# Dataset excerpts:
※

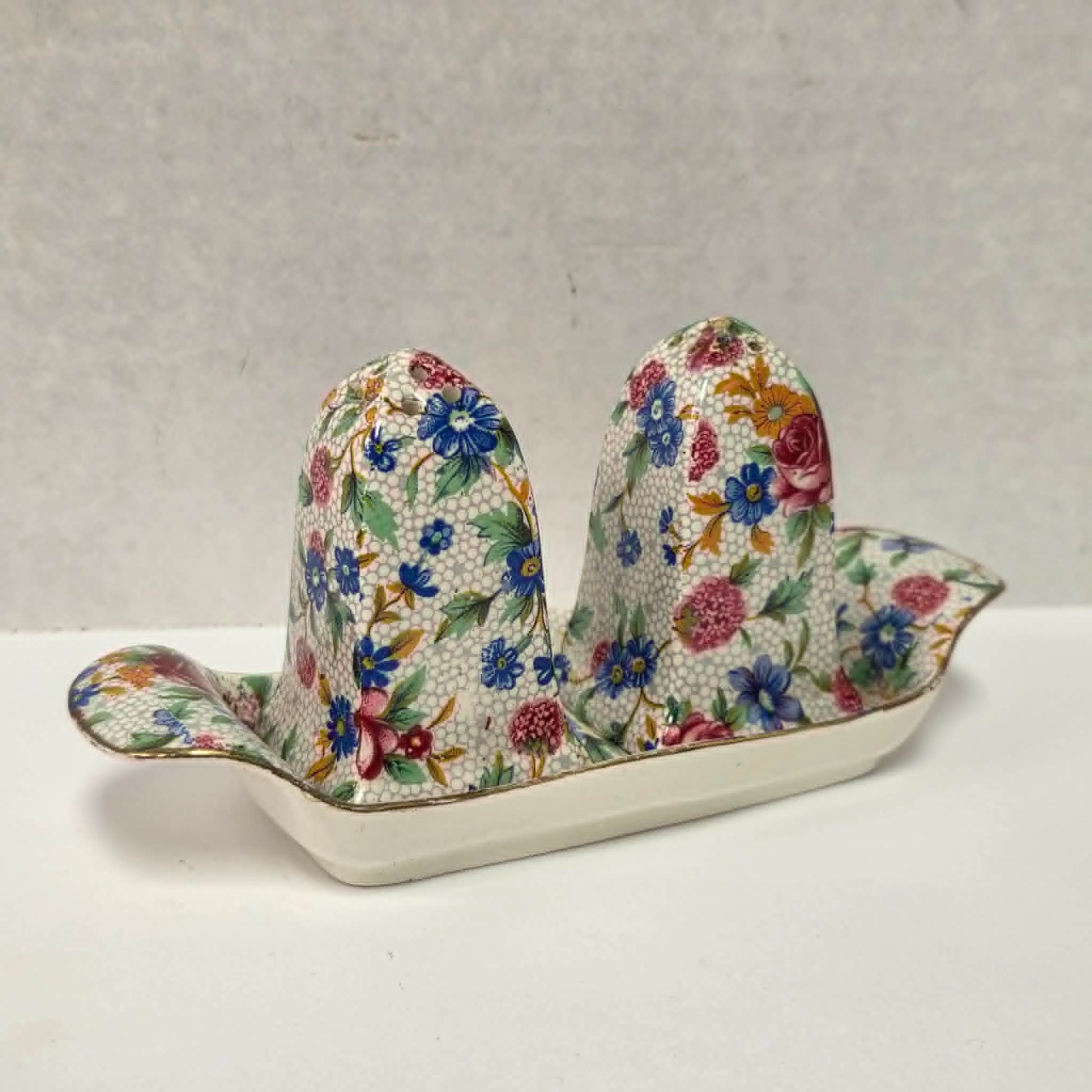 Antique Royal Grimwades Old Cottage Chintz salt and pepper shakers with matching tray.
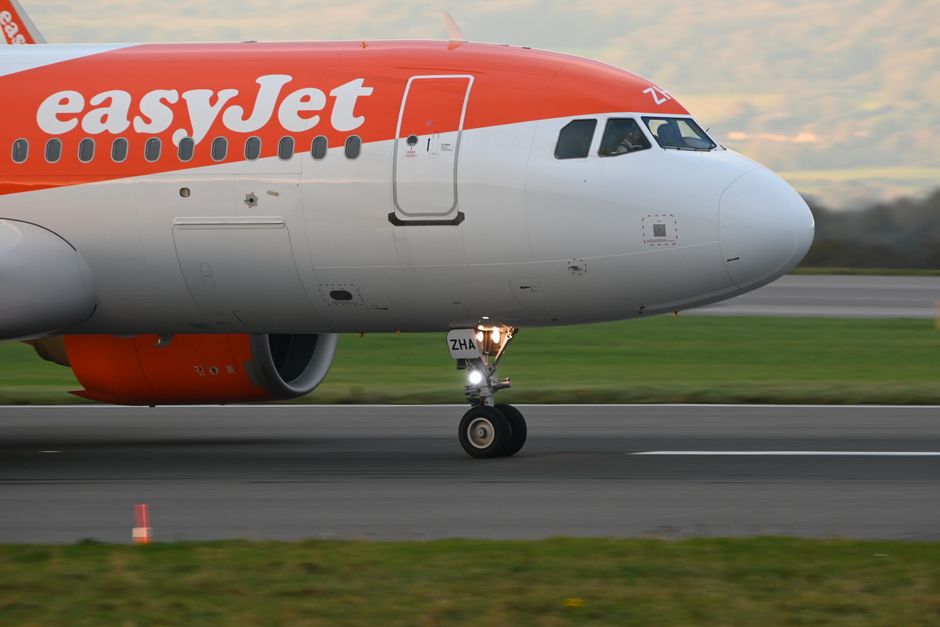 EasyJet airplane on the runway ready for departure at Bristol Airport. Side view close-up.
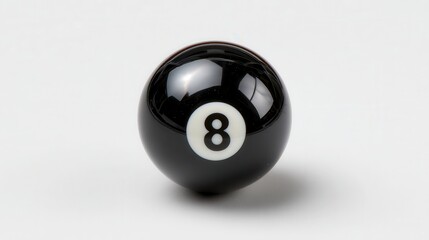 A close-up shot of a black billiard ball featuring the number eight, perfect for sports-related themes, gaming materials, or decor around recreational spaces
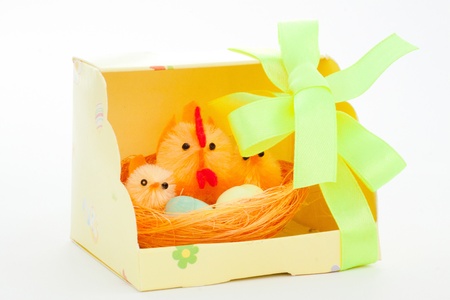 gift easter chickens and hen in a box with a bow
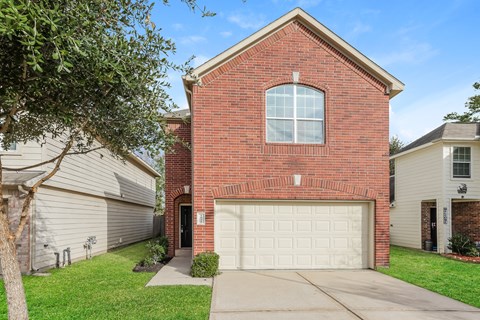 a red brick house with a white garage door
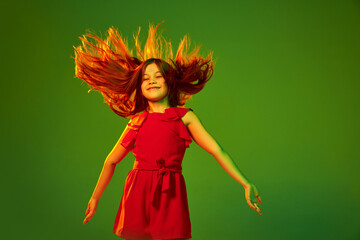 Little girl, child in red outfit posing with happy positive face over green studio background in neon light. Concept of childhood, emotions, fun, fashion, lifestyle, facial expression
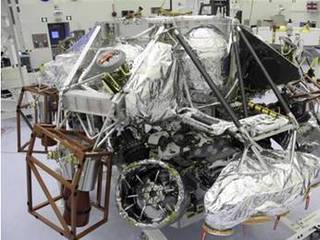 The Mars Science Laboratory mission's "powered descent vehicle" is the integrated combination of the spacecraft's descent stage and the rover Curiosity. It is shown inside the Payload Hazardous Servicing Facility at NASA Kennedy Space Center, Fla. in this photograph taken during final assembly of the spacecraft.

※

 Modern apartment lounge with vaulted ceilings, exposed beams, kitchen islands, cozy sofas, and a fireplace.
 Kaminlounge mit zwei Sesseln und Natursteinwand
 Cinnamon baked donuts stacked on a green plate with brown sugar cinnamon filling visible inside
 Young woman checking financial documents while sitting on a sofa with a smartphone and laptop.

※

"a red brick house with a white garage door" marks the first line to copy, and "The Mars Science" marks the last. Repeat that stretch above exactly, with no pictures.

# Answer box:
 a red brick house with a white garage door
 Little girl, child in red outfit posing with happy positive face over green studio background in neon light. Concept of childhood, emotions, fun, fashion, lifestyle, facial expression
 The Mars Science Laboratory mission's "powered descent vehicle" is the integrated combination of the spacecraft's descent stage and the rover Curiosity. It is shown inside the Payload Hazardous Servicing Facility at NASA Kennedy Space Center, Fla. in this photograph taken during final assembly of the spacecraft.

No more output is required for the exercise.